Meg and Mog, made in collaboration with the late writer Helen Nicoll, was an illustrated adventure series about an unfortunate witch and her striped cat.

Pieńkowski said in an interview that the series gave him the opportunity to turn monsters from his childhood into harmless toys. He drew his palette from comics such as Desperate Dan and Dennis the Menace.

“Jan was one of the great storytellers: an exceptionally talented creator, who was guided by what interested him and who treated children as his equals,” Dow said Sunday.

“There was an impatience and wonderful curiosity about him as he sought new ways to tell stories: tapping into his Polish roots with his cutout and silhouette work; his extraordinary use of color; his pioneering interest in computer drawing; and of course his award-winning pop-ups that have challenged publishers and printers to find new ways to create his books.

Pieńkowski, she added, meticulously pored over every detail “and yet achieved the nigh-impossible: simple, magical storytelling, which is why his books – like my personal favorites and those of our family, the brilliant stories of Meg and Mog – live on.I was very lucky to have had the chance to know him and work with him.

After Nicoll’s death in 2012, Pieńkowski worked on new titles Meg and Mog with his civilian partner, David Walser, a translator, artist, musician and writer.

“One thing I’ve noticed over the years is that Jan never treats kids like kids,” Walser said a few years ago. “It wouldn’t occur to him to talk to them, he just behaves perfectly normally… When he works with kids, he’s one of them.”

British author Ed Vere, who is Walter’s godson, said: “Jan Pieńkowski has lived an inspiring life dedicated to creating books of the highest quality – pioneering, clever, beautifully thought out and always created with a playful sense. some pleasure.”

He added: “Full of love, curiosity, art, thought, fun and laughter. He will be greatly missed, as a man and as a leading figure in children’s books.

For his work as a children’s author, Pieńkowski received the 2019 award Booktrust Lifetime Achievement Awardwhich has in the past been credited to some of the biggest names in children’s books, including Shirley Hughes, Raymond Briggs and Judith Kerr.

Critic Nicolette Jones, who presided over the judges selecting Pieńkowski for the award, said he “brings magic to children’s illustration”, while fellow judge, SF author Said, said: ” Books such as Meg and Mog have shaped so many generations now that they have become part of the fabric of British childhood and culture in general.

Pieńkowski has also been twice nominated in the UK – in 1982 and 2008 – for the International Hans Christian Andersen Prize, the highest honor given to creators of children’s books.

He won the Kate Greenaway Award in 1971 with writer Joan Aiken for their second collaboration, The Kingdom Under the Sea, which included Eastern European fairy tales. He won his second Greenaway Award in 1979 for the spooky pop-up book Haunted House, which demonstrated his gothic leanings.

Pieńkowski was born in Warsaw to a squire father and a scientist mother.
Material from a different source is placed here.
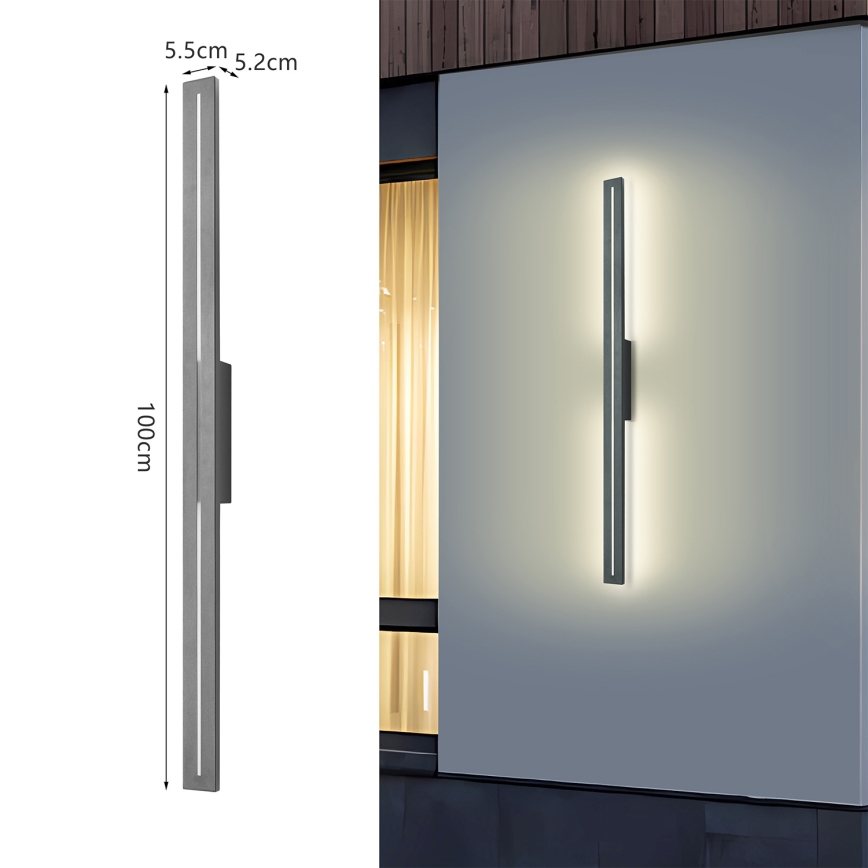 Brilagi - LED välisseinavalgusti LINEO LED/24W/230V 3000K IP65 100 cm antratsiit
He was three years old when the Nazis invaded Poland in 1939, forcing the family to move to Europe before finally settling in England in 1946.
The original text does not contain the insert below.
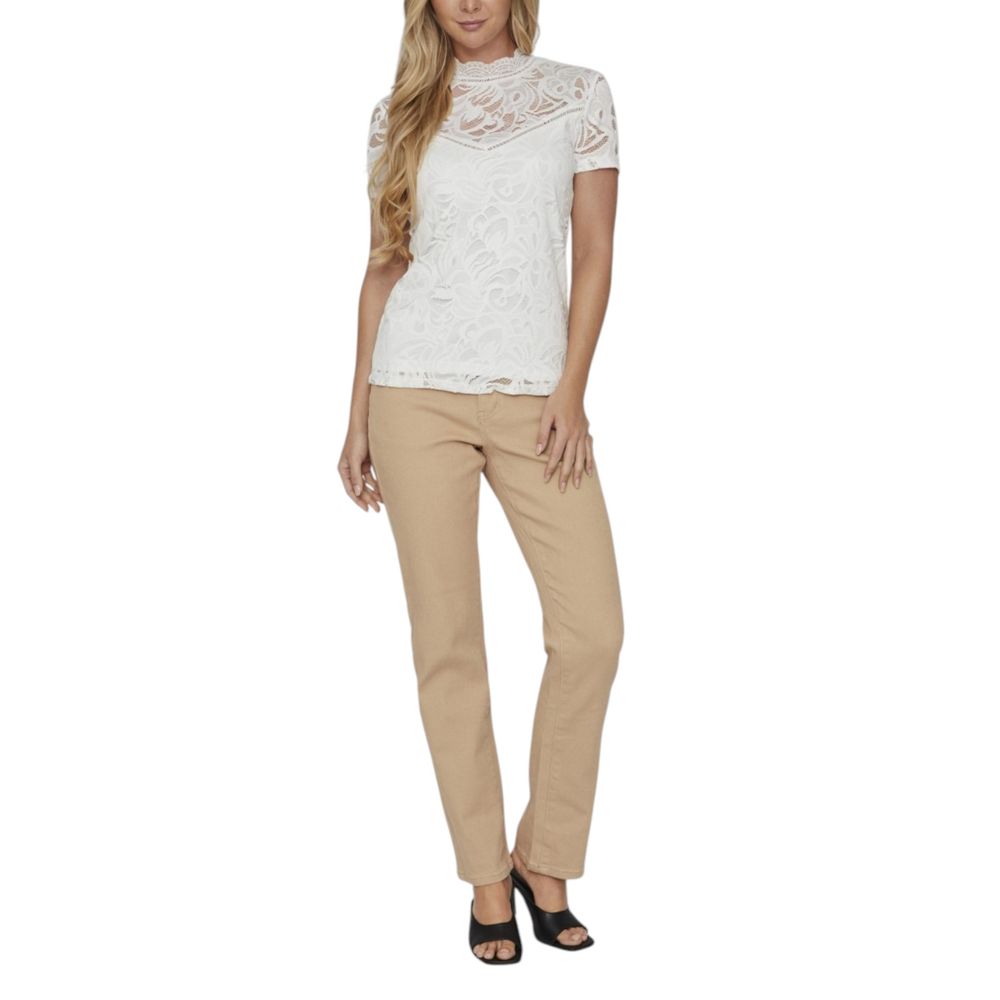 Maglietta in poliammide color crema Vila Clothes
In London, he attended Cardinal Vaughan Memorial School in Holland Park, where he learned Latin and Greek, before going to King’s College, Cambridge to study classics and English.
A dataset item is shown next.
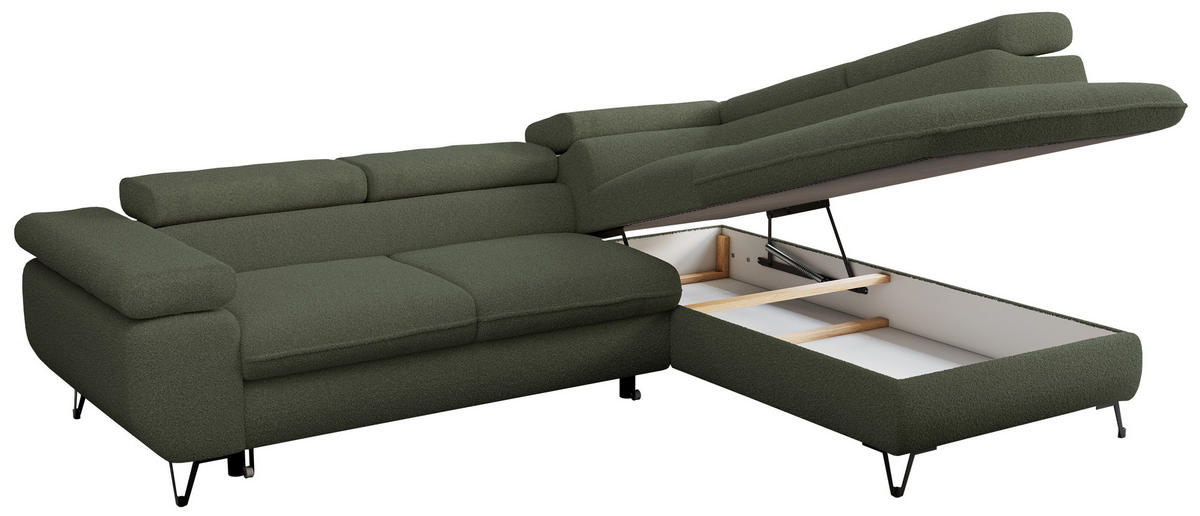 ECKSOFA PETER L Grün Boucle - Rechts Seite - Schwarz/Grün, Textil/Metall (273/208cm) - MKS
He has illustrated for Granta magazine and designed posters for university theater productions. Early in his career, Pieńkowski was employed to sketch live on the BBC Watch children’s show!, before the book world found out.

Along with Meg and Mog and his pop-up books, he is known for his illustrations of fairy tales by Perrault and the Brothers Grimm, The Nutcracker and The Mountain of Glass: Tales from Poland.

Fans paid tribute to Pieńkowski on social media following news of his death. Children’s author Christopher Edge wrote“When I think back to my earliest memories of childhood reading, Meg and Mog’s books shine brightly. Thank you, Jan Pieńkowski.

Children’s author and illustrator Shoo Rayner added: “Sad news – Jan Pieńkowski was an inspiration to me when I started.”

The London Review bookshop job: “RIP Jan Pieńkowski – Haunted House is one of the best books in the store, every time a child discovers it while browsing the children’s section, they are blown away.”